I giudici della Sorveglianza riconoscono «l’insofferenza del colpevole alle regole dello Stato». Ma poi aggiungono che «ha pagato le spese processuali e il risarcimento danni », e si è messo «a disposizione dell’Uepe per l’attività rieducativa ». Sarebbe questo ad evidenziare la sua «volontà di recupero di valori morali perseguiti dall’ordinamento». Ora i suoi comportamenti «dovranno mantenersi nell’ambito delle regole della civile convivenza, del decoro e del rispetto delle istituzioni». E questo è tutto, secondo gli standard dei tribunali di sorveglianza. Ma sembra davvero poco, se si confronta la pena «iniziale» stabilita ad agosto e quella «finale» eseguita oggi. Rimane la sensazione di una «denegata giustizia». Altro che Aung San Suu Kyi, secondo il paragone usato da Brunetta con il consueto sprezzo del ridicolo.

In vista del voto europeo, e con Forza Italia ridotta a un cumulo di macerie, Berlusconi potrà ora tentare la «rimonta ». Potrà andare a Roma, potrà tenere comizi, potrà rilasciare interviste, potrà usare le sue bocche di fuoco televisive. La famosa «agibilità politica », che ha reclamato impunemente dal Quirinale, è tutto sommato garantita. Del resto, non poteva essere altrimenti, nel momento in cui gli è concesso un posto da «padre della Patria» al tavolo delle riforme. 

Una scelta complicata ma quasi obbligata per Renzi, che per fare quelle riforme non ha un’altra maggioranza possibile, ferma restando la «fuga sui tetti» dei grillini.

Reggerà, adesso, questo patto? La risposta è nella testa del pregiudicato. Probabilmente non romperà, ma alternerà strappi e ricuciture. Per lui l’«abbraccio» con Renzi (descritto da Toti alla Gelmini nel noto fuorionda) è «mortale » perché lo tiene inchiodato ad una linea di responsabilità che gli è aliena, tanto più in una campagna elettorale. Ma è anche «vitale», perché lo tiene agganciato a un circuito costituente al quale non avrebbe alcun titolo per partecipare. Solo finché dura questo abbraccio Berlusconi può dire, al Palazzo e al Paese: mi avete condannato, mi avete fatto decadere da senatore, mi avete interdetto dai pubblici uffici, mi avete affidato ai servizi sociali, ma senza di me non potete riscrivere la legge elettorale, né votare il Senato federale. Per il Cavaliere è una polizza vita, che gli deve durare un anno. Per il premier è una cambiale in bianco, che gli può costare cara.

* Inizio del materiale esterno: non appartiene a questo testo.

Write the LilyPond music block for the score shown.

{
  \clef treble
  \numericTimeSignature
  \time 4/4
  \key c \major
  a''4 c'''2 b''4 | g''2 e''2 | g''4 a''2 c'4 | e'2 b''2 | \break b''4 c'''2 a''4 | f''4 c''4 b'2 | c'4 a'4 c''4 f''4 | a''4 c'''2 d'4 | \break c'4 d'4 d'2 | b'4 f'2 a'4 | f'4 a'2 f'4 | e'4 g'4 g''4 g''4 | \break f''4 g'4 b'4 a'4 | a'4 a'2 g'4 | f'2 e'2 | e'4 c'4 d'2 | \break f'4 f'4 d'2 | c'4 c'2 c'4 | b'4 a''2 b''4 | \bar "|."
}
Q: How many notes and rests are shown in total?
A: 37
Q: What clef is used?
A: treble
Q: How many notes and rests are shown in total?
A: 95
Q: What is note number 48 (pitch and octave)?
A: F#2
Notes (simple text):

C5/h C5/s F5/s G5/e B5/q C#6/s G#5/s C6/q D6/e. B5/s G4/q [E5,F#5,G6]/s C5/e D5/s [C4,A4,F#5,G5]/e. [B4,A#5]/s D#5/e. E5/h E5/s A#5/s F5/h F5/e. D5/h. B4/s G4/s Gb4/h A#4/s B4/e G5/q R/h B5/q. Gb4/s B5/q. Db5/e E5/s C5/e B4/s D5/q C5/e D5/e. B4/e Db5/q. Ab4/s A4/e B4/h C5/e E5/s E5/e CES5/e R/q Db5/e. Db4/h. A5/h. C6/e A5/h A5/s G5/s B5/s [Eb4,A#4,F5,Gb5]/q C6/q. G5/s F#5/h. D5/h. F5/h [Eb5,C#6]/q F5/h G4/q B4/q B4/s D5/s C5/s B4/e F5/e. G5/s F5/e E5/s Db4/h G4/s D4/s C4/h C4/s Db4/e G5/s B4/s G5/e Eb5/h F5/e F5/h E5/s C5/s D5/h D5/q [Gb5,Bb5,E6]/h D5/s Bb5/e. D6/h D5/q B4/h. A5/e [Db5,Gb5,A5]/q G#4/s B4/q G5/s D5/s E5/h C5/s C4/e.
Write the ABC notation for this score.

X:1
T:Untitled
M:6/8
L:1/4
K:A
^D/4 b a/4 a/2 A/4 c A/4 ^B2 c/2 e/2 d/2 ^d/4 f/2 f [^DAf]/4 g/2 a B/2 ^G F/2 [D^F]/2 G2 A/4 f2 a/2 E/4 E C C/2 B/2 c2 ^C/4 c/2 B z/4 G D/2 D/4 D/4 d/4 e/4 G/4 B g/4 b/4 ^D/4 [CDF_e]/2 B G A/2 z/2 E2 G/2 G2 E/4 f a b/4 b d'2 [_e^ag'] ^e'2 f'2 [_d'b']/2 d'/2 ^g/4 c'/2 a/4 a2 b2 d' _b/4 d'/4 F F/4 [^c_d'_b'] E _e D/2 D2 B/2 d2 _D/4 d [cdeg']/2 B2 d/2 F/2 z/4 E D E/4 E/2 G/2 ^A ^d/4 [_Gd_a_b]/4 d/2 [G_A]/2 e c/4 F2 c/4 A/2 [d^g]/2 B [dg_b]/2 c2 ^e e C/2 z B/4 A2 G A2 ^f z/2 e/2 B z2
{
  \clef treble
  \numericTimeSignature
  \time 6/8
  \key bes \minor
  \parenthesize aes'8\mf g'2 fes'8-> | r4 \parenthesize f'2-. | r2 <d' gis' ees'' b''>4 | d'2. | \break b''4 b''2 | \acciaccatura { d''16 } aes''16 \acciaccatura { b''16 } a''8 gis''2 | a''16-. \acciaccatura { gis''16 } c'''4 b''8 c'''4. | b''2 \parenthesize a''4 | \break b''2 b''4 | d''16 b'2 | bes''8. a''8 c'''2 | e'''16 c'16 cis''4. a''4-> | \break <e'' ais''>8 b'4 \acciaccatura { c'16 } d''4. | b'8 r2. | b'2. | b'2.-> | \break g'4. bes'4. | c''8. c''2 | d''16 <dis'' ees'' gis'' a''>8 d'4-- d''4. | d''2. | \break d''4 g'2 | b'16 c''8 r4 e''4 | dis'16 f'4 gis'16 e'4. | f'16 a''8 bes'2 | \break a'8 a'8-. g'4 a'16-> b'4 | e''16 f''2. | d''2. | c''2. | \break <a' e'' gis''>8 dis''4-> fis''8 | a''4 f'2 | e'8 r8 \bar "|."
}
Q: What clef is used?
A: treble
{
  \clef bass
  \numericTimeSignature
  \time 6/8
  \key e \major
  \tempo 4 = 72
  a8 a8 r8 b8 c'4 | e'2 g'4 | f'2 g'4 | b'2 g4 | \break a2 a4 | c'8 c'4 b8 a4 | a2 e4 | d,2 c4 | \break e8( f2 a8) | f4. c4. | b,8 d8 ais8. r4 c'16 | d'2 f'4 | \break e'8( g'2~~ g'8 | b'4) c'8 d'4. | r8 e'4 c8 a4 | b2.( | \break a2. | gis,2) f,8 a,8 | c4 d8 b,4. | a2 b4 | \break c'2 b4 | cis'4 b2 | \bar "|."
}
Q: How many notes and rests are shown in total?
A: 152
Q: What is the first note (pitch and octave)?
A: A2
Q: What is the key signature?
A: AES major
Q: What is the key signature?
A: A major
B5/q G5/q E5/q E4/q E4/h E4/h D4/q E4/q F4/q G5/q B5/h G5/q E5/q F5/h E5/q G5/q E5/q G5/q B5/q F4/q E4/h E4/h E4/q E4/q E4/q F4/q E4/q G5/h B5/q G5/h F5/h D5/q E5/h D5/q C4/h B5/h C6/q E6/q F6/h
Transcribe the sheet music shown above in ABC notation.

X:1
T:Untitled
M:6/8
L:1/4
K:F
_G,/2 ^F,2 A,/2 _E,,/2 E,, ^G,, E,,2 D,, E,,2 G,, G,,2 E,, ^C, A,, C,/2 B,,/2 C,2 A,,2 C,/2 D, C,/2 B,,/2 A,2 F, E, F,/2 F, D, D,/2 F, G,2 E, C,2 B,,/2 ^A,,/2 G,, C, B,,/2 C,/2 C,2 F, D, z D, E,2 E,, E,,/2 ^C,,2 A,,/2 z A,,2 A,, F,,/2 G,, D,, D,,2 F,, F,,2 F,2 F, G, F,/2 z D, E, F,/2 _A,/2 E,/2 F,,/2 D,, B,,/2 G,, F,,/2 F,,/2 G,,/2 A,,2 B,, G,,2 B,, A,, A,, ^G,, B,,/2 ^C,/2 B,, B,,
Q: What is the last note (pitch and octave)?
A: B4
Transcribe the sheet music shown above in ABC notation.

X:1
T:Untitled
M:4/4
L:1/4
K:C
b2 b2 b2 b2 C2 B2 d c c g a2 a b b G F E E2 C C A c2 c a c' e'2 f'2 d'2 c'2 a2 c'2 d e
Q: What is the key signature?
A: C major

E Stilinga pensa che è ora di andare a votare il prima possibile per togliere dall'imbarazzo il catapultato Matteo Renzi e per riprenderci la vita e fare tornare la giustizia in Italia, uguale per tutti, non per i cittadini ricchi e famosi e poi per gli altri. Inoltre, si DEVE VOTARE CON  LE PREFERENZE, giusto per ricordarci cosa significa essere una DEMOCRAZIA vera in quanto questo gusto della libertà ormai non ce lo ricordiamo quasi, ma ne abbiamo tanto bisogno, soprattutto per riacquistare orgoglio, dignità e voglia di fare!